▸ Exercise goal: Starting at the line below that contains "entryway with hardwood / wood-style flooring" and ending at the line that contains "Ingredients for methi", retype each line exactly as it stands, but omit the pictures.

▸ Records for this exercise:
-----
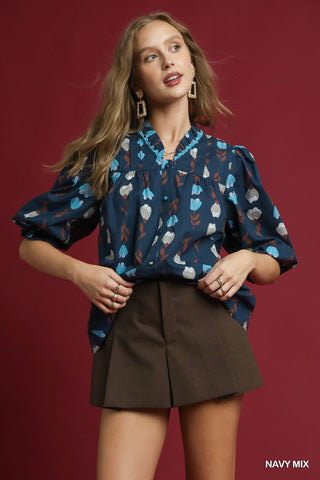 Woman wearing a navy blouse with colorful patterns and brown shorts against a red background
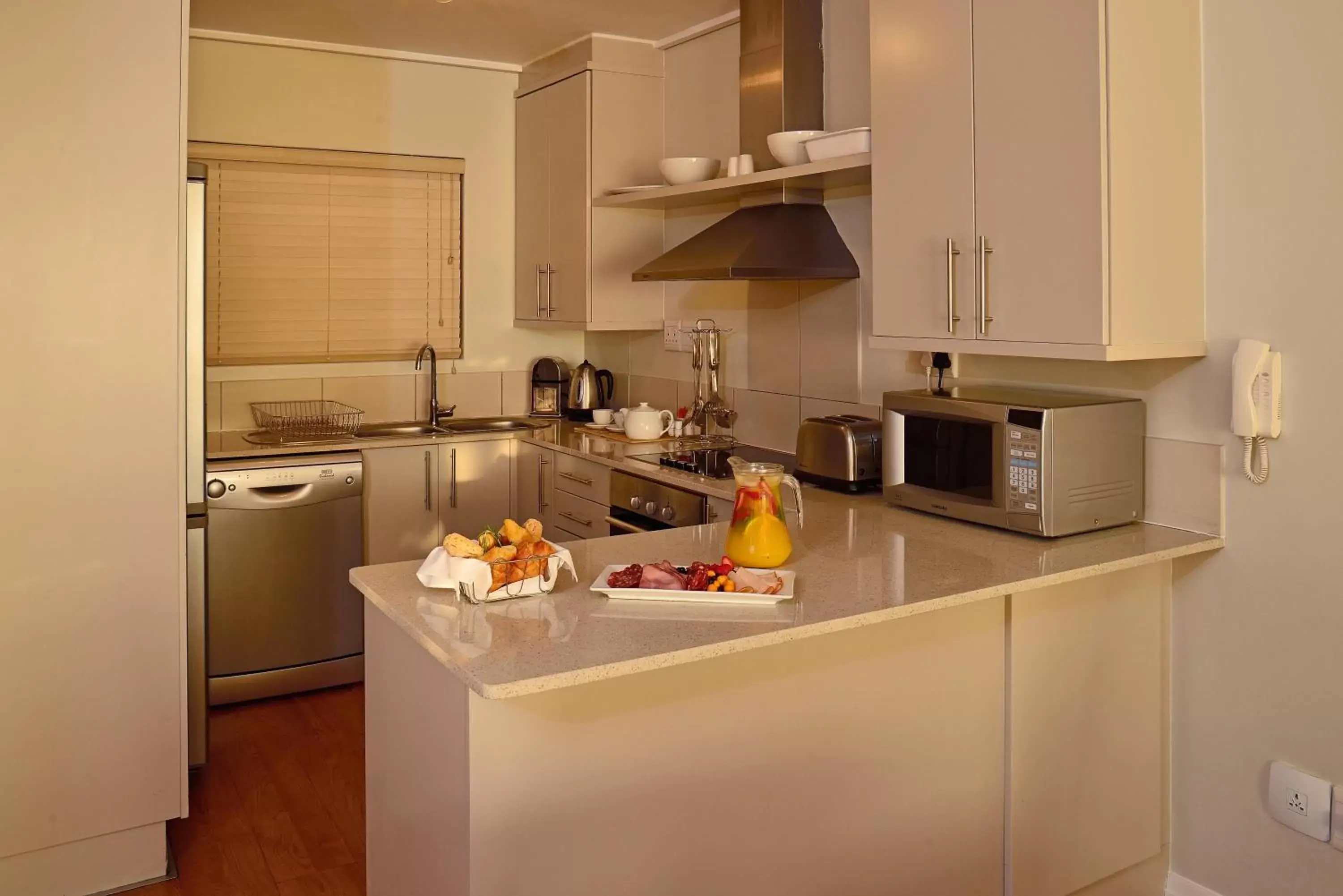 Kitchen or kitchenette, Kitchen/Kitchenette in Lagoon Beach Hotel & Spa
-----
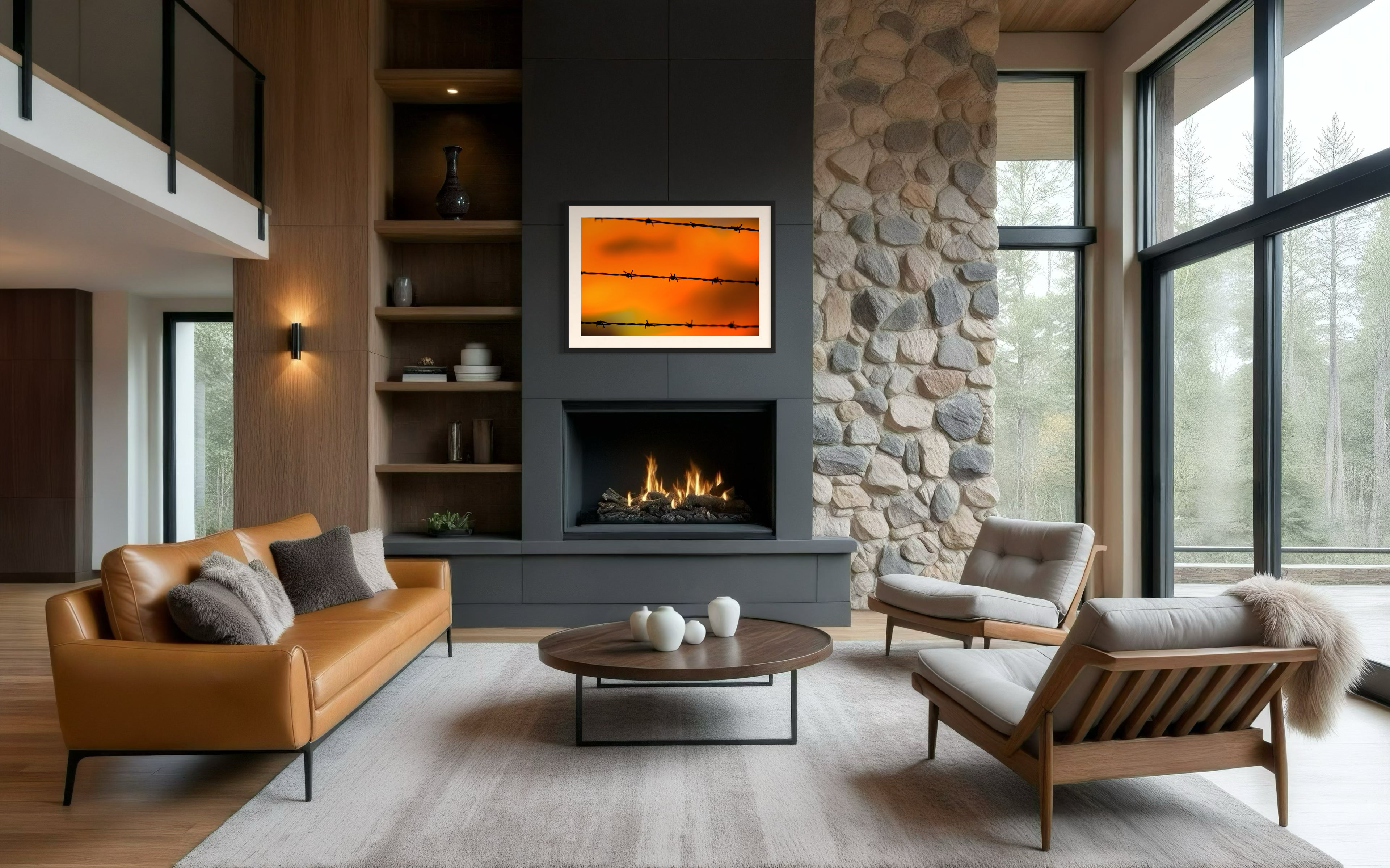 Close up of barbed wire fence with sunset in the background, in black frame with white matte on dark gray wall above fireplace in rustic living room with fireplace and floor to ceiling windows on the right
-----
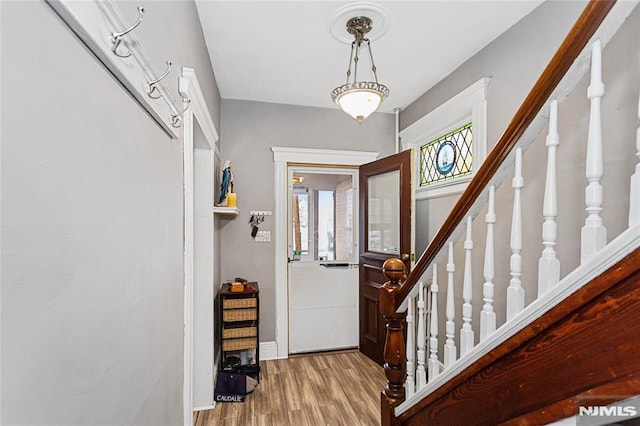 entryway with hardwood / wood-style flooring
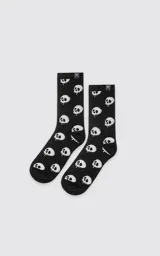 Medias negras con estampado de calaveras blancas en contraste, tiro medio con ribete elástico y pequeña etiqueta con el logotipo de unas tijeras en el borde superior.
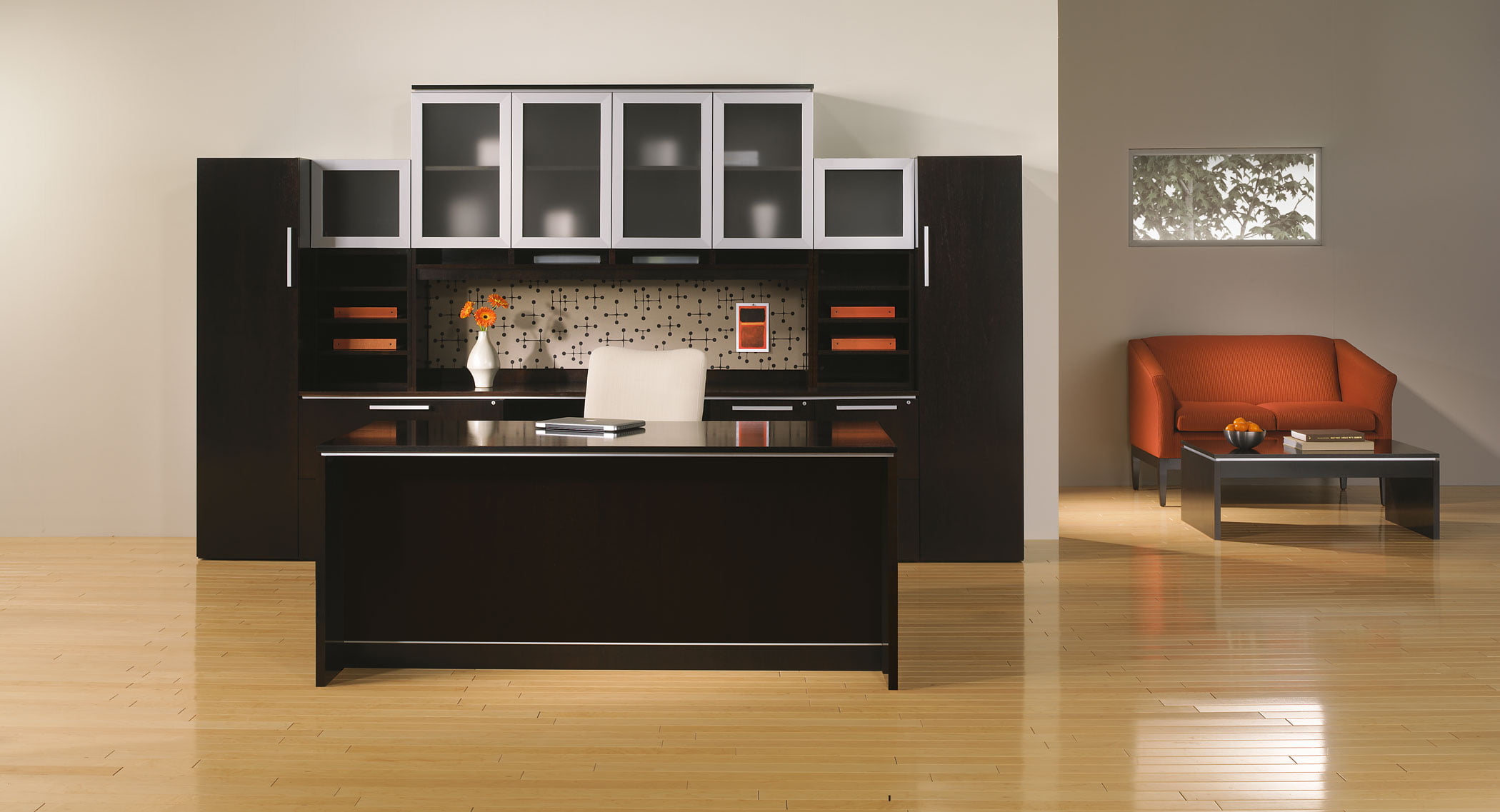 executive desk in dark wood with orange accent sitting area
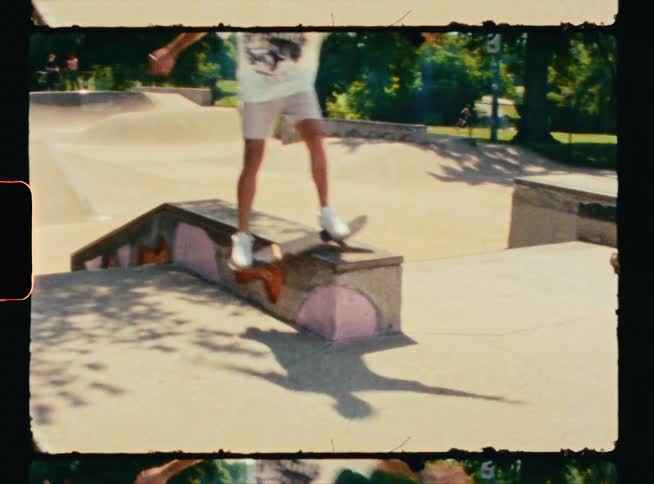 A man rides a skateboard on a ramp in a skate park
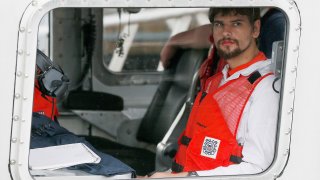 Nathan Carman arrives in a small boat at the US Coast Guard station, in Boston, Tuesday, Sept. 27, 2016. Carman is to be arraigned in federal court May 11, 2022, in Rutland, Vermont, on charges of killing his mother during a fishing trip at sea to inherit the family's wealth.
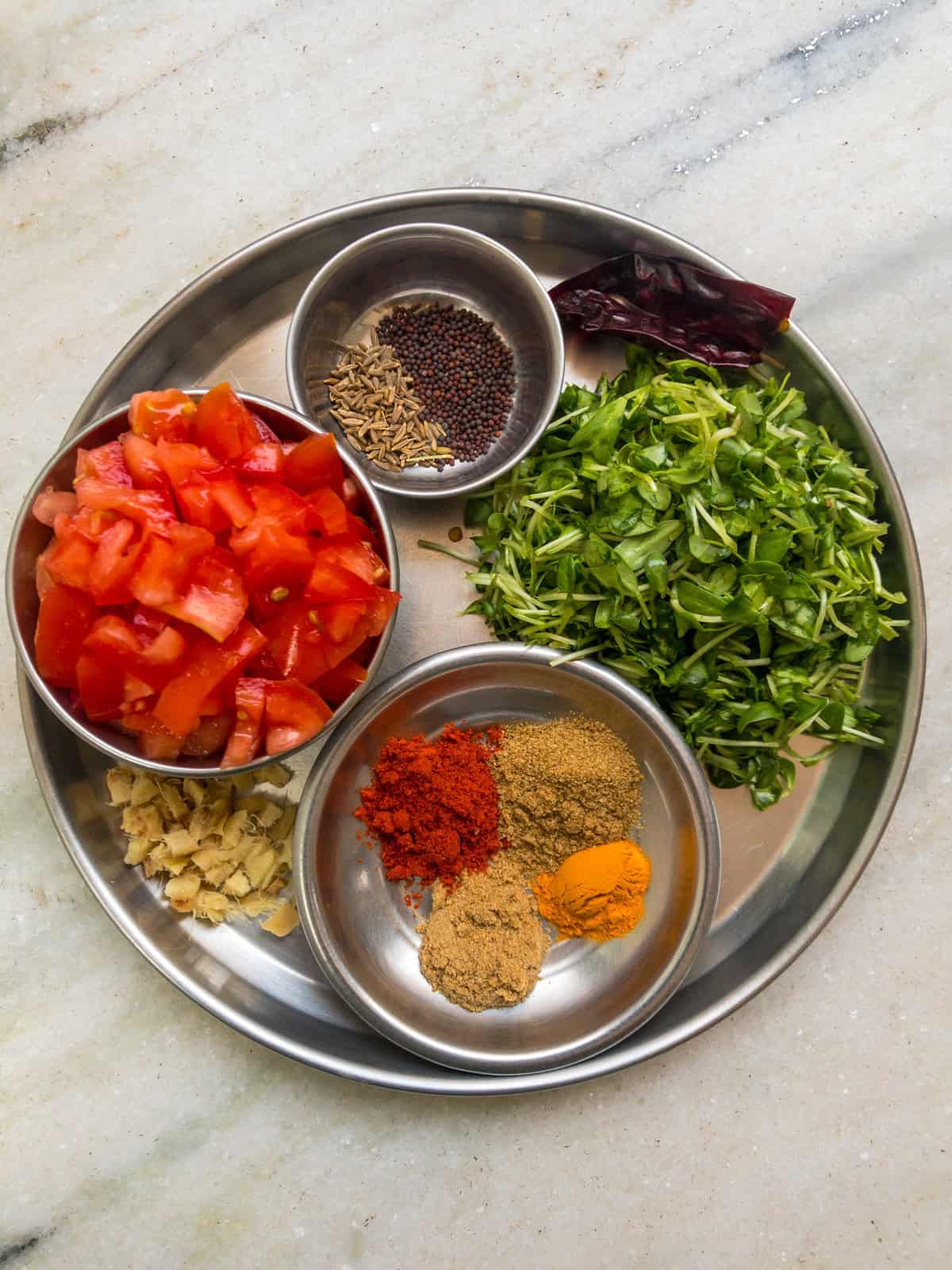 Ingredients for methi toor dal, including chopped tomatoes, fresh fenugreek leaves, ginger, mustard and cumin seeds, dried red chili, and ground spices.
-----
▸ Result of this exercise:
 entryway with hardwood / wood-style flooring
 Medias negras con estampado de calaveras blancas en contraste, tiro medio con ribete elástico y pequeña etiqueta con el logotipo de unas tijeras en el borde superior.
 executive desk in dark wood with orange accent sitting area
 A man rides a skateboard on a ramp in a skate park
 Nathan Carman arrives in a small boat at the US Coast Guard station, in Boston, Tuesday, Sept. 27, 2016. Carman is to be arraigned in federal court May 11, 2022, in Rutland, Vermont, on charges of killing his mother during a fishing trip at sea to inherit the family's wealth.
 Ingredients for methi toor dal, including chopped tomatoes, fresh fenugreek leaves, ginger, mustard and cumin seeds, dried red chili, and ground spices.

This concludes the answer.